Look below for the line containing "Calendario de feriados"; from there, print each line exactly up to and including the line containing "Dead Queen Tập 67 trang 7", and stop.
+--
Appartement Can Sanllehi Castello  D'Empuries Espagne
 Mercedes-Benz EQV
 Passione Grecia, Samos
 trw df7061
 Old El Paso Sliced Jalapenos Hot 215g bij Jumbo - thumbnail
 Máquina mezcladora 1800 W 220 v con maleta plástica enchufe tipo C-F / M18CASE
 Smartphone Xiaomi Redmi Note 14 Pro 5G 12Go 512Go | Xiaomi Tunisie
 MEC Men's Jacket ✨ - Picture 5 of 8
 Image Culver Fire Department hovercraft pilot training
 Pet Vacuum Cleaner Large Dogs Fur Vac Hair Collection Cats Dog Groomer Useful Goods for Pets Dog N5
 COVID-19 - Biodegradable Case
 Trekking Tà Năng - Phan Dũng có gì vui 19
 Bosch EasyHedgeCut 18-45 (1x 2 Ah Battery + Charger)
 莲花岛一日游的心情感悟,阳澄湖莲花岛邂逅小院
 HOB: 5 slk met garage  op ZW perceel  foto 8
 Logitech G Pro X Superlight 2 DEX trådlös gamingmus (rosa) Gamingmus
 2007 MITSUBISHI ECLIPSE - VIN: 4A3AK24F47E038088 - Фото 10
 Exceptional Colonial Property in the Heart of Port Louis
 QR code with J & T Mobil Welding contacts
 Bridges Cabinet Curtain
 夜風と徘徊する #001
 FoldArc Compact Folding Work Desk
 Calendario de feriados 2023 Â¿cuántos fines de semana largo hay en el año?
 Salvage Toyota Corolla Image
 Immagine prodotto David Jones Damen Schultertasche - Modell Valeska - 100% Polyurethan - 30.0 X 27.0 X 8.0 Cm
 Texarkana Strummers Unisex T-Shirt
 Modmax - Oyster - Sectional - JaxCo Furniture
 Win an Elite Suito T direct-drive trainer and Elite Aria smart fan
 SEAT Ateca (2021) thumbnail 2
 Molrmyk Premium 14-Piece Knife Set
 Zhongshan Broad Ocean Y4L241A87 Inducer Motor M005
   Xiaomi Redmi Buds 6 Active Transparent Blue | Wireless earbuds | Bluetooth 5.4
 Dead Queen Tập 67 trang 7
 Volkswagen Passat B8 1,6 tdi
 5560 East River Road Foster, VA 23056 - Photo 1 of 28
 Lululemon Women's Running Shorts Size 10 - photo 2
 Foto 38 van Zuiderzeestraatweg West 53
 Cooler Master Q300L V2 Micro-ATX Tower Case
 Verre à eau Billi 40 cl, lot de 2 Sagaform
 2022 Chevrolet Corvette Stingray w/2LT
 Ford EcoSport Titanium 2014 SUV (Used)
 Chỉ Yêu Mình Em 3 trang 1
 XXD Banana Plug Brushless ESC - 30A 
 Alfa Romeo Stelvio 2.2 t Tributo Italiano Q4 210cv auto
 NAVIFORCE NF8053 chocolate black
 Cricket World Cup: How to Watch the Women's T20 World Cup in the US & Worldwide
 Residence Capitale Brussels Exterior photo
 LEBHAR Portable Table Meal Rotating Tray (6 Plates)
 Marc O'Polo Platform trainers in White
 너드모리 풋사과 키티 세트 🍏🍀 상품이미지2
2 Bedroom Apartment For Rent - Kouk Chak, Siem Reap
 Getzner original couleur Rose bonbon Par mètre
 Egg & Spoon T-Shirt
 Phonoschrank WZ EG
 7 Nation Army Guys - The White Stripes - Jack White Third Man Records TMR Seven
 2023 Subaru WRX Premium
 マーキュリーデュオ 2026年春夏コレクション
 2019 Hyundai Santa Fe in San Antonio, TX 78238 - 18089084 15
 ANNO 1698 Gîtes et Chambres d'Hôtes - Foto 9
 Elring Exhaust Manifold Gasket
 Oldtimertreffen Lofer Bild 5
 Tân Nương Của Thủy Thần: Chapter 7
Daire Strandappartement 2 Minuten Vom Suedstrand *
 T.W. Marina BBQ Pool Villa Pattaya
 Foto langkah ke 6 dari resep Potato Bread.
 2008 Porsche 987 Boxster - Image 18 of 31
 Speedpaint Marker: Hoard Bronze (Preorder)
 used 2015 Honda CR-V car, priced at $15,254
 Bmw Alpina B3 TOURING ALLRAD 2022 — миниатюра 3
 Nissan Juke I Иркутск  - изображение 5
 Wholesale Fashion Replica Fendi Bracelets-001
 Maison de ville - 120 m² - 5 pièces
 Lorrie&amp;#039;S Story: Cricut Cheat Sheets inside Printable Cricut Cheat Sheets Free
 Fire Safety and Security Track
+--
### WRITTEN SOLUTION
 Calendario de feriados 2023 Â¿cuántos fines de semana largo hay en el año?
 Salvage Toyota Corolla Image
 Immagine prodotto David Jones Damen Schultertasche - Modell Valeska - 100% Polyurethan - 30.0 X 27.0 X 8.0 Cm
 Texarkana Strummers Unisex T-Shirt
 Modmax - Oyster - Sectional - JaxCo Furniture
 Win an Elite Suito T direct-drive trainer and Elite Aria smart fan
 SEAT Ateca (2021) thumbnail 2
 Molrmyk Premium 14-Piece Knife Set
 Zhongshan Broad Ocean Y4L241A87 Inducer Motor M005
   Xiaomi Redmi Buds 6 Active Transparent Blue | Wireless earbuds | Bluetooth 5.4
 Dead Queen Tập 67 trang 7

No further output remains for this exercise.